Reste quand même que la démultiplication des très gros navires peut poser de sérieux problèmes en termes d’infrastructures, ne serait-ce par exemple que pour les flux de circulation liés aux excursions…

Les ports sont prévenus deux ans à l’avance de nos escales, ils ont donc le temps de s’organiser. Je rappelle aussi qu’ils ne peuvent accueillir qu’un nombre limité de navires, défini par leurs infrastructures. Mais nous allons travailler avec eux, ainsi qu’avec les régions et les acteurs locaux du tourisme, afin d’optimiser les flux et, par exemple, proposer de nouvelles excursions pour éviter de saturer certains sites. Il s’agit d’avoir une vraie stratégie en matière de mobilité, y compris en soutenant le développement de moyens de transport propres, comme le train ou les bus électriques.

Vous n’avez donc pas d’inquiétude quant à un risque de limitation du développement de la croisière dans certaines zones ?
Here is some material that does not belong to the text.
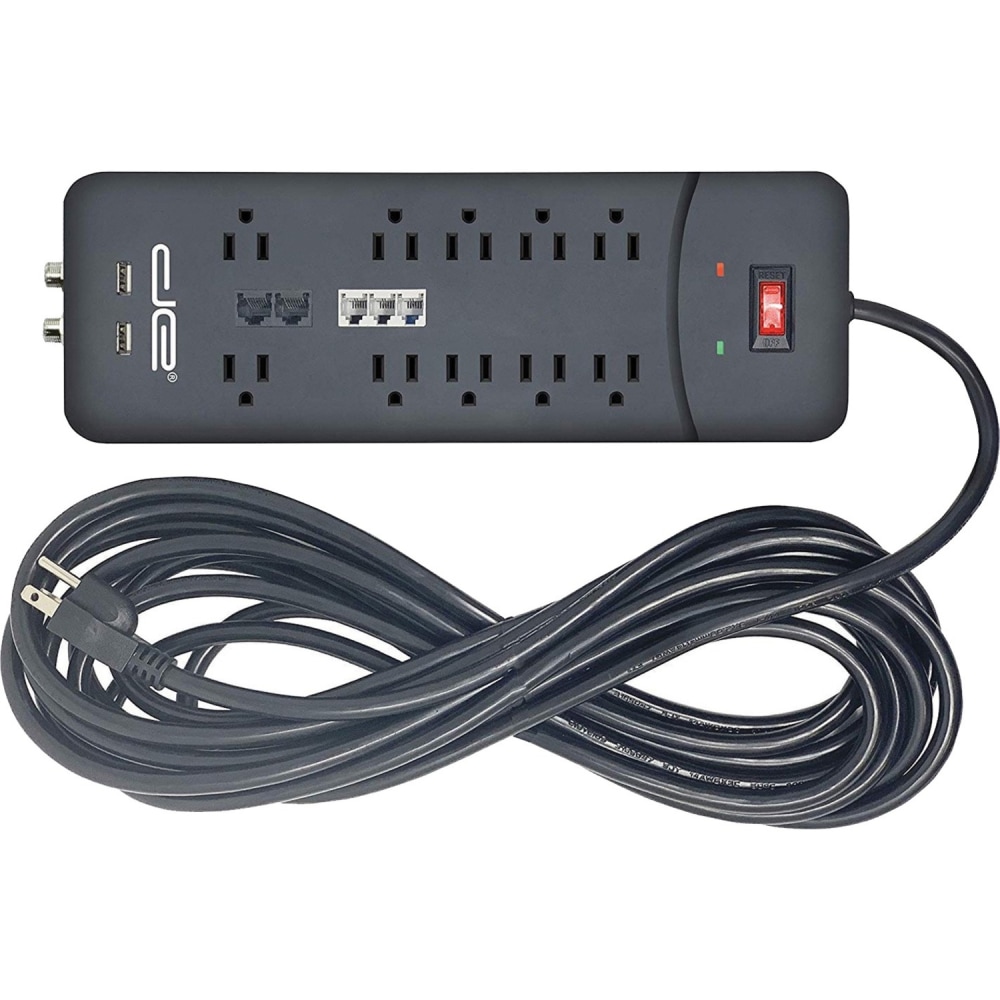 Digital Energy World 12-Outlets Surge Suppressor/Protector - 10 x AC Power, 2 x USB - 1875 VA - 3500 J - 120 V AC Input - Coaxial, Phone, Modem, DSL MPN:DSS5-1021-BLK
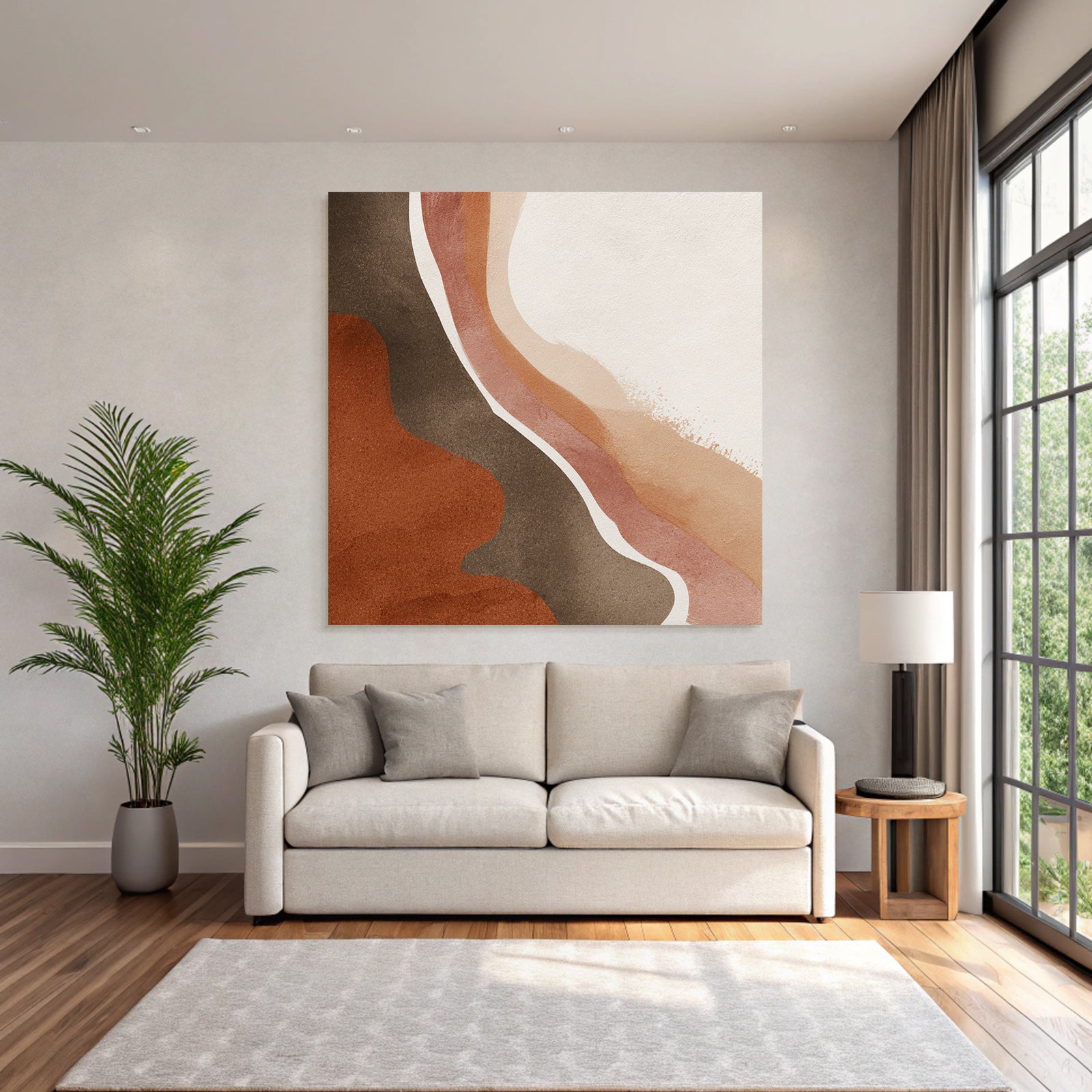 Abstract Design Earthy Shapes Brown Terracotta Cream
C’est dans notre intérêt commun de faire en sorte que les choses se passent bien. Quand un paquebot visite un port, les passagers qui descendent génèrent des retombées importantes, c’est un vrai levier économique puisque les études montrent que ces retombées sur les économies locales sont en moyenne de 80 euros par passager et par port visité. Mais bien entendu, il faut que ce développement se fasse de manière durable, ce à quoi nous nous employons.